Bessie has had eight “jobs” in six months. Obviously under sixteen, she has had to produce her “working papers” before she could be taken on. The fact that she has met the requirements necessary to obtain the papers, and that her employer has demanded them, is evidence of the advance made in New York State since we first became acquainted with the children of the poor. Bessie has had to prove by birth certificate or other documentary evidence that she is really fourteen, has had to submit to a simple test in English and arithmetic, present proof of at least 130 days’ school attendance in the year before leaving, and, after examination by a medical officer, has had to be declared physically fit to enter shop or factory.
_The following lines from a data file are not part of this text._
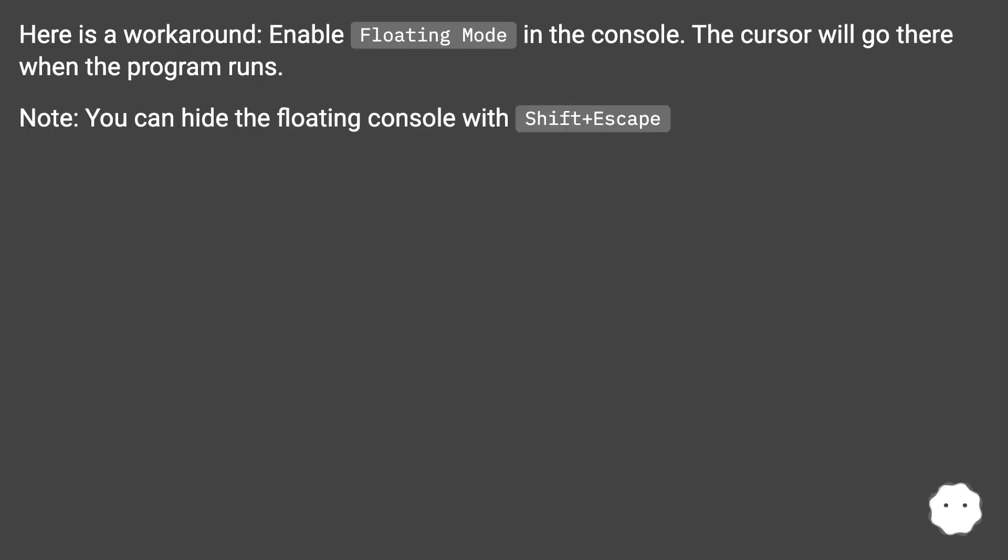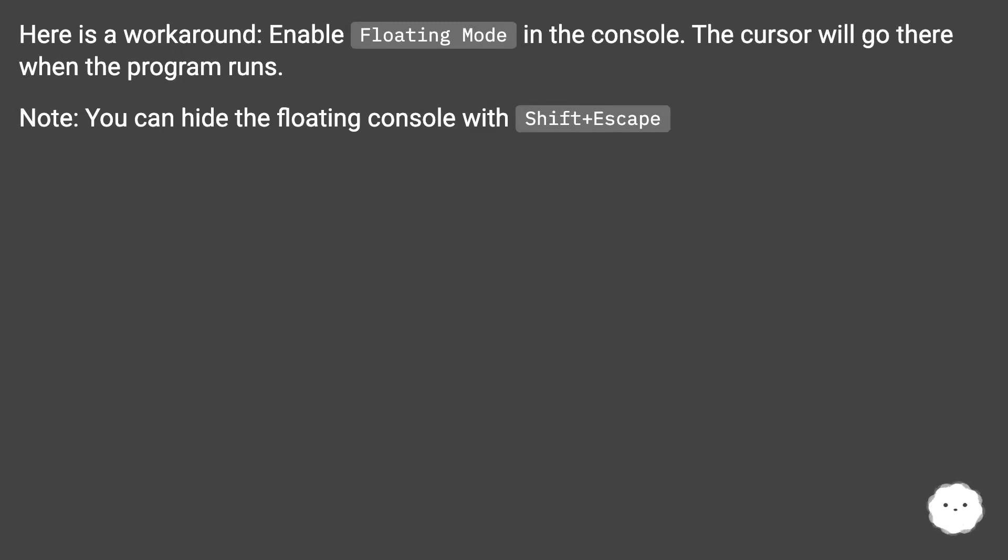Here is a workaround: enable floating mode in the console. The cursor will go there when the program runs. Note, you can hide the floating console with Shift plus Escape.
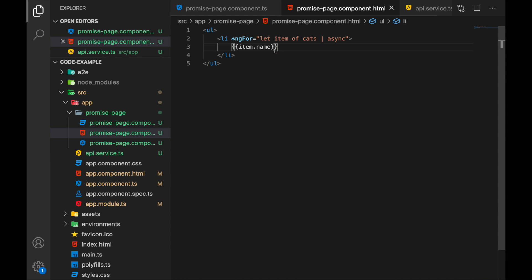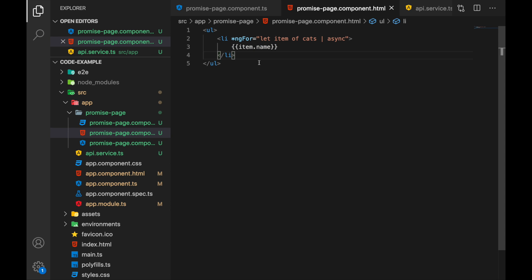In the template we use a regular ngFor, but here we also use the async pipe. What this does is: when Angular sees the variable and the async pipe, it waits for the promise to resolve, and once it gets the result it iterates over the list. We take each item, get its name, and display it — giving us the nice category list. We have strategy games and RPG games displayed, which are the ones in our internal structure.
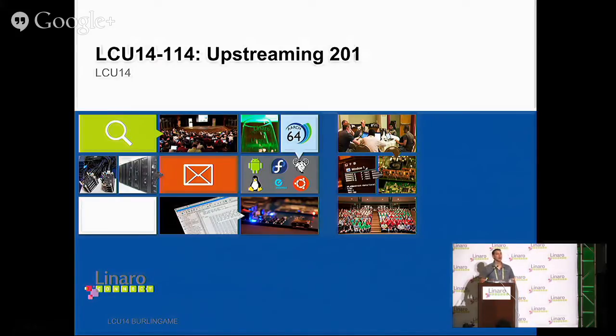Welcome to Upstreaming 201. I'm happy to see so many faces that were at Upstreaming 101, except for Tim's.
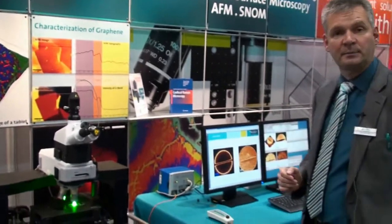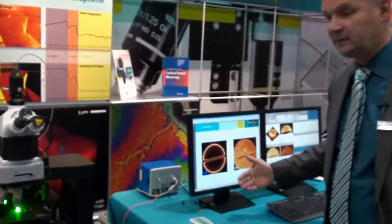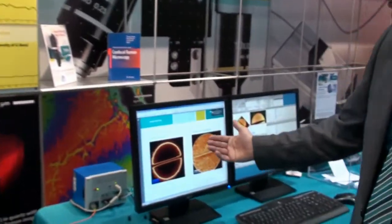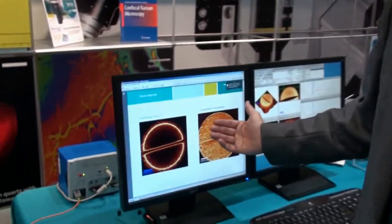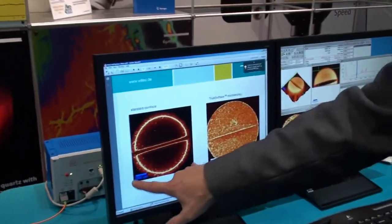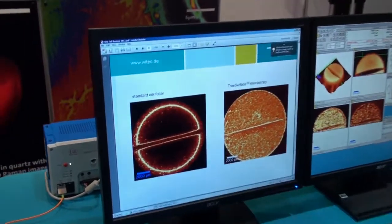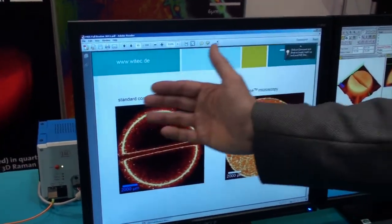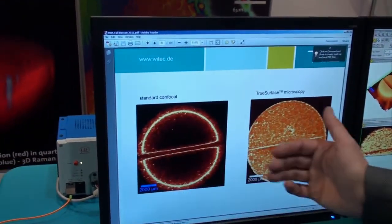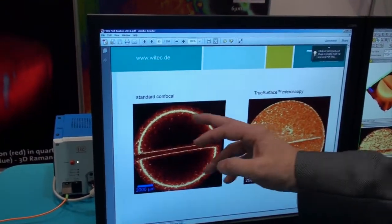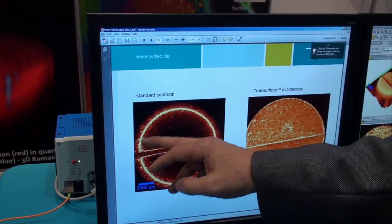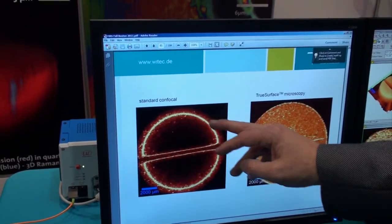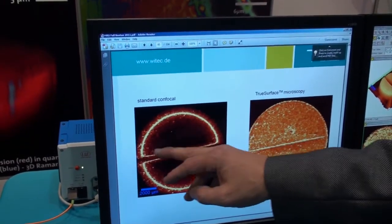In this example, this is a measurement of a pharmaceutical tablet — about 10 millimeters in size. You can see that in the standard confocal measurement you only get information from areas that are in focus.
No longer could Annie, the cobbler’s daughter, by unchallenged perjury obtain the state sanction to her premature employment. Gone are the easy days when Francesca’s father, defying school mandates, openly offered his little ones in the labor market. Yet we are far from satisfied. Bessie, though she meets the requirements of the law, goes out wholly unprepared for self-support; she is of no industrial value, and is easily demoralized by the conviction of her unimportance to her “boss,” certain that her casual employment and dismissal have hardly been noted, save as she herself has been affected by the pay envelope. Her industrial experience is no surprise to her settlement friends, for she is a type of the boys and girls who, twice a year, swarm out of the school and find their way to the Department of Health to obtain working papers. Bessie’s father is a phthisis case; her mother, the chief wage-earner, an example of devotion and industry. The girl has been a fairly good student and dutiful in the home, where for several years she has scrubbed the floors and “looked after” the children in her mother’s absence.

Tommy also appeared at the office with his credentials and successfully passed all the tests, until the scale showed him suspiciously weighty for his appearance. Inquiry as to what bulged one of his pockets disclosed the fact that he had a piece of lead there. He had been told that he probably would not weigh enough to pass the doctor. Talking the matter over with Mrs. Sanderson, I learned that the immediate reason for taking Tommy out of school was his need of a pair of shoes. The mother was not insensitive to his pinched appearance. A few days later Tommy was taken to visit our children at the farm, and it was pleasant to see that the natural boy had not been crushed. He devoured the most juvenile story-books and was “crazy” about the sledding. The self-respecting mother was not injured in her pride of independence by a little necessary aid carefully given; and though I have not seen Tommy recently, I am sure that neither he nor his employer lost anything because of the better physical condition in which he entered work after his happy winter at the farm.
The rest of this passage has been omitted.